(Task prompt): For the entries below, copy exactly the line that contains "Harley Davidson（ハーレー・ダビッドソン） Maisto" through the line that contains "Good price Plastic", both ends included, and exclude all pictures.

(Dataset entries)

========================

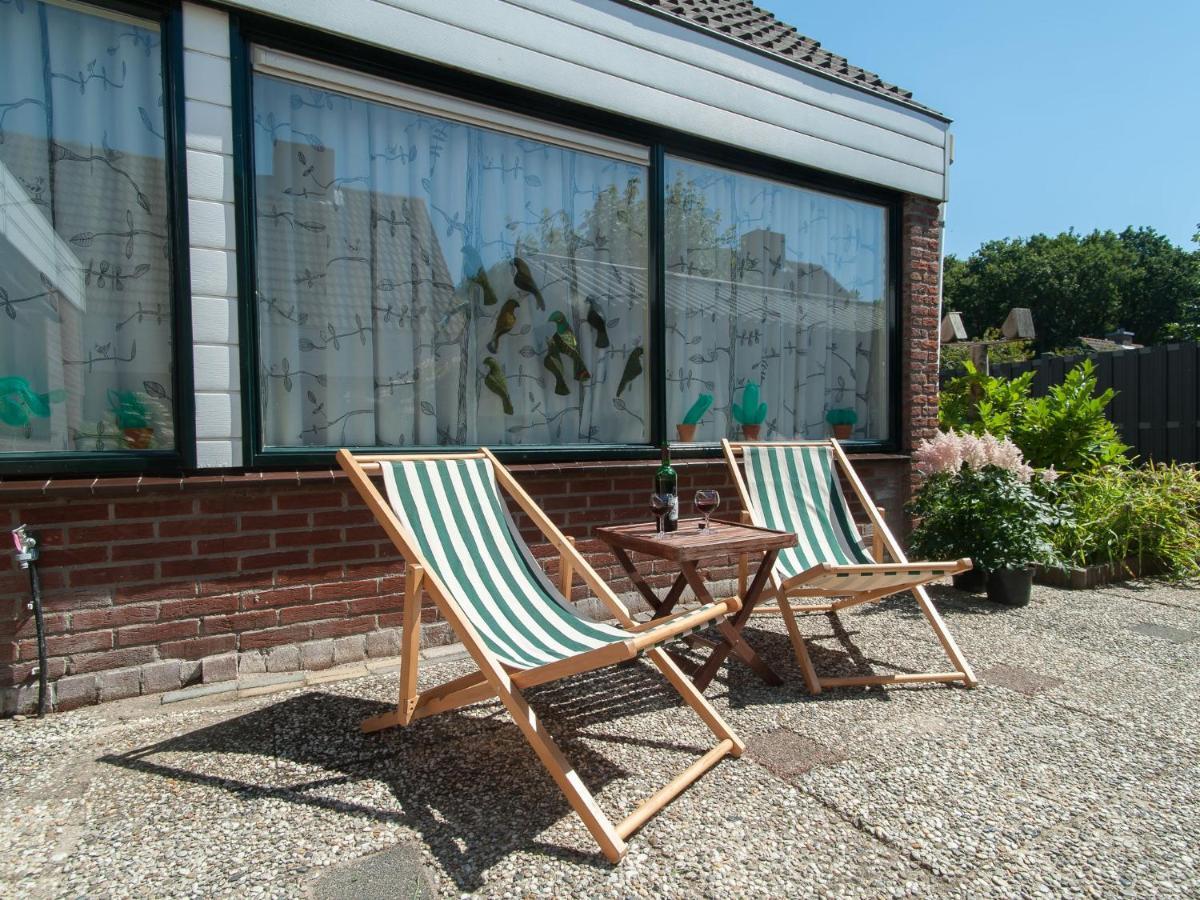 Attractive Holiday Home With Garden Noordwijkerhout Exterior photo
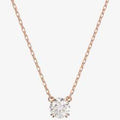 Swarovski Constella Rose Gold Necklace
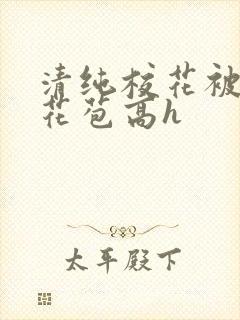 清纯校花被迫开花苞高h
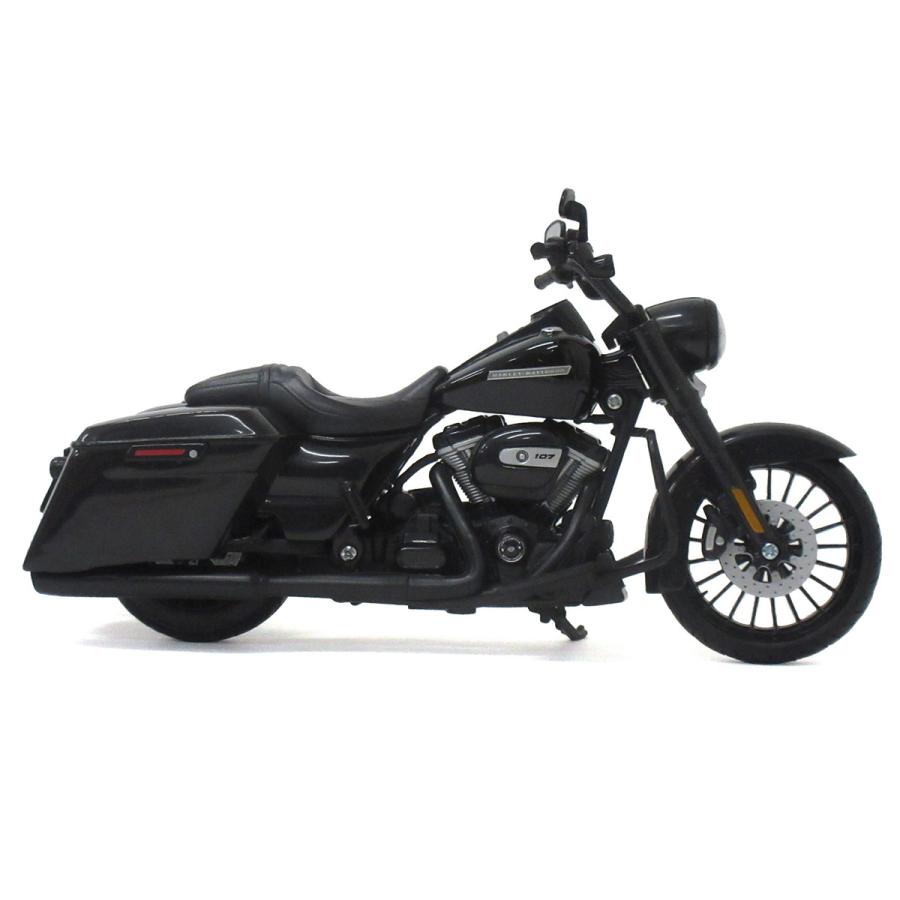 Harley Davidson（ハーレー・ダビッドソン） Maisto 1:12 2017 Road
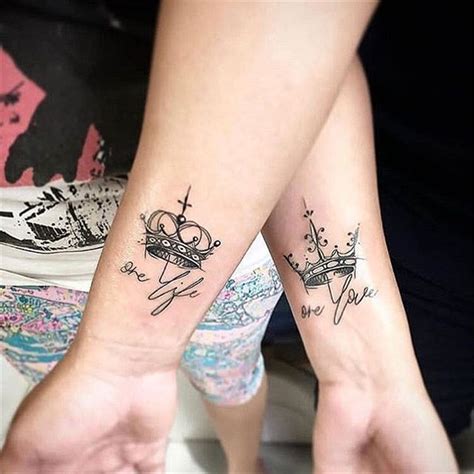 Share 56+ matching couple tattoos ideas gallery - in.cdgdbentre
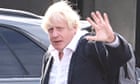 Boris Johnson says he will not stand in Tory leadership contest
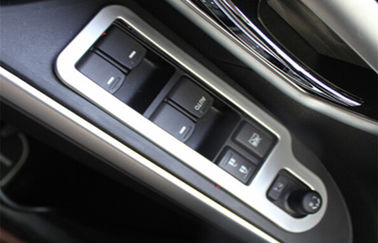 Good price Plastic ABS Chromed Interior Window Switch Cover For SUZUKI S-CROSS 2014 online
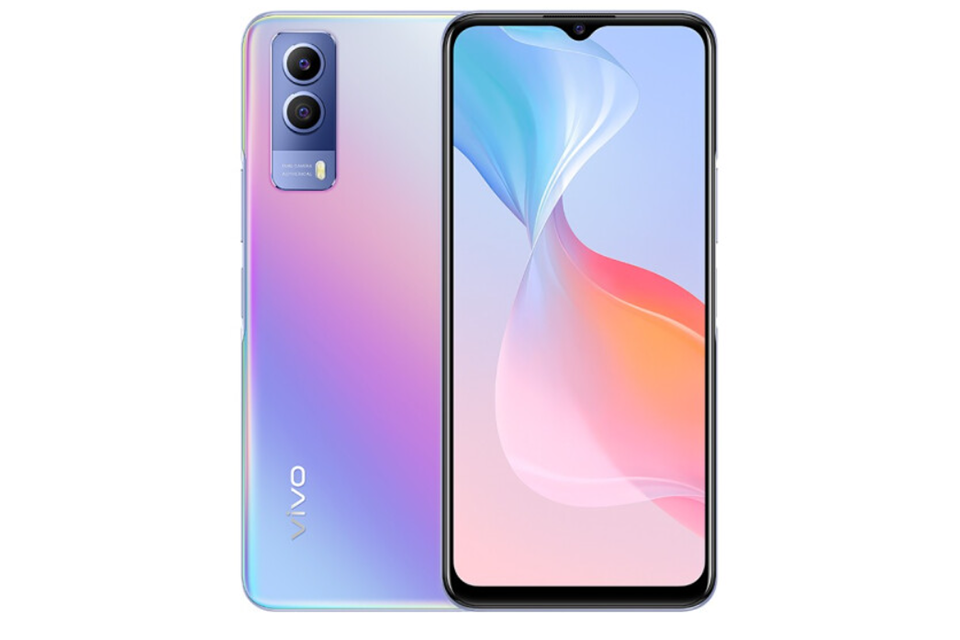 Vivo Y53s 5G ra mắt (ảnh 1) Vivo Y53s 5G ra mắt (ảnh 1)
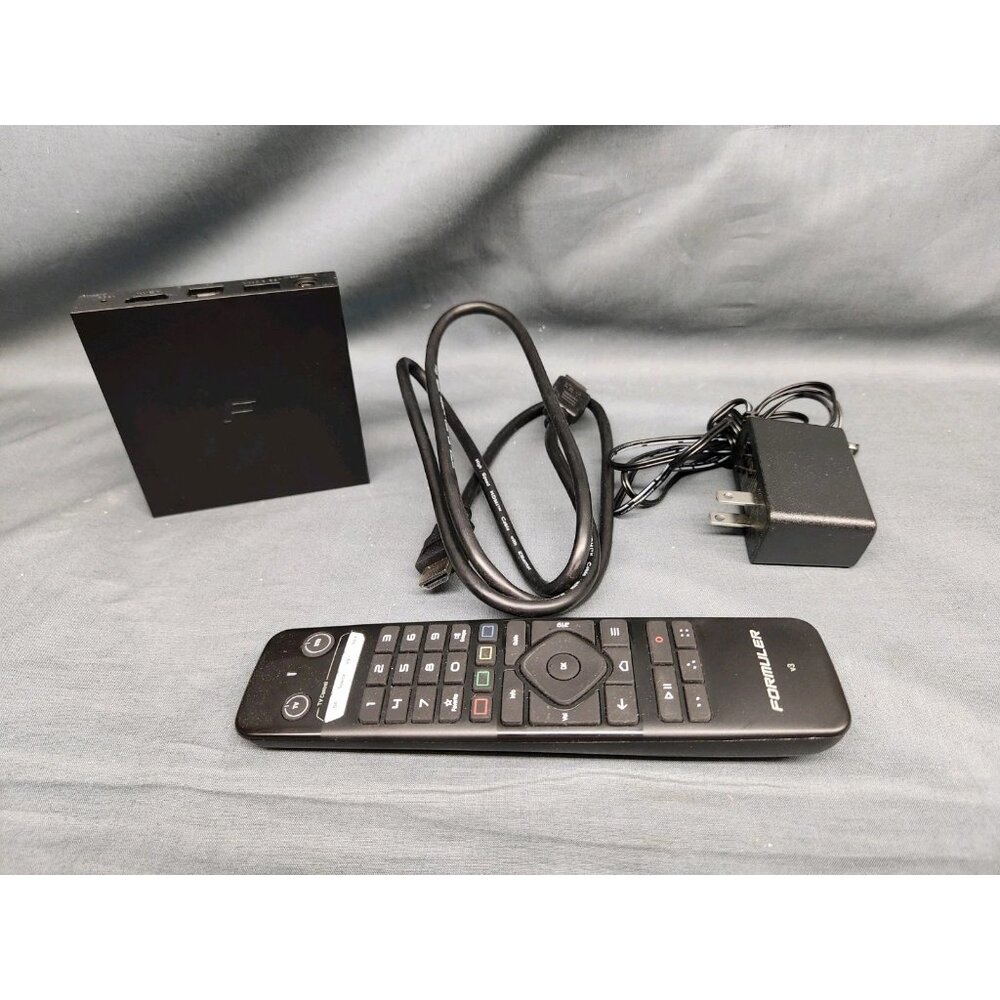 Formuler Z10 - 4K Android Streaming Box 2GB DDR4 Ram 8GB Storage TESTED - USED!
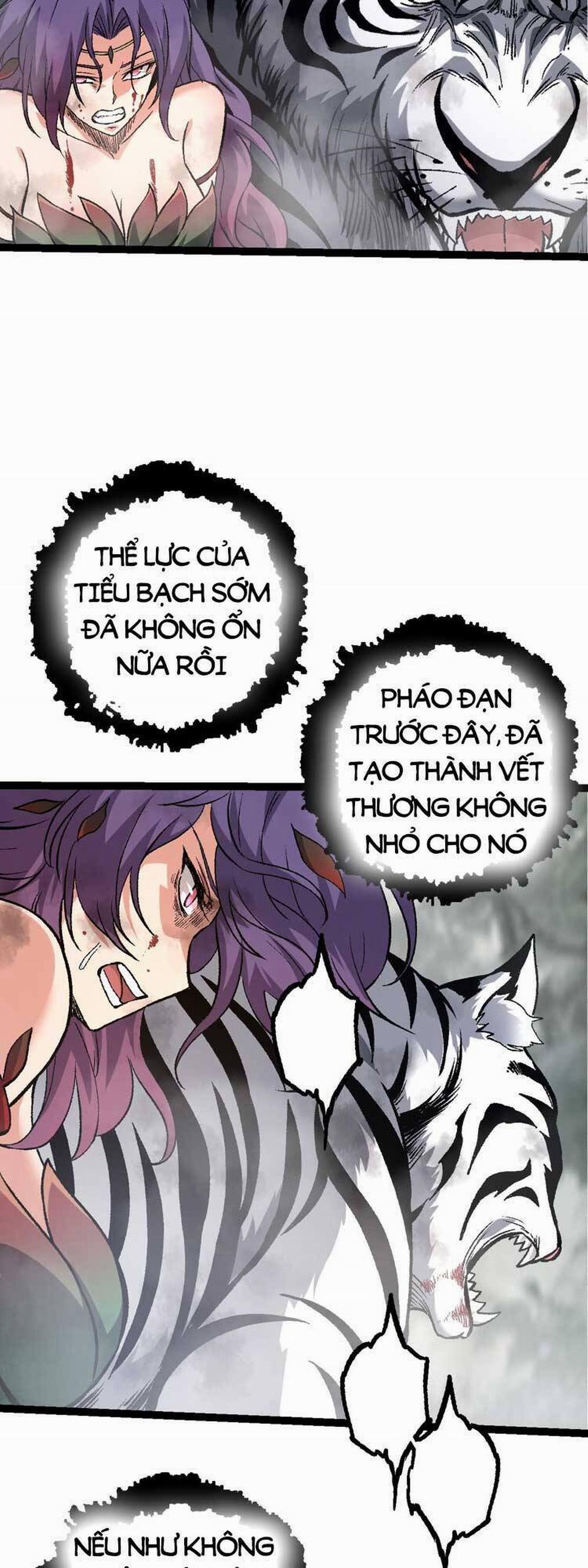 Chuyển Sinh Thành Liễu Đột Biến 53 trang 30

========================

(Exercise solution):
 Harley Davidson（ハーレー・ダビッドソン） Maisto 1:12 2017 Road
 Share 56+ matching couple tattoos ideas gallery - in.cdgdbentre
 Boris Johnson says he will not stand in Tory leadership contest
 Good price Plastic ABS Chromed Interior Window Switch Cover For SUZUKI S-CROSS 2014 online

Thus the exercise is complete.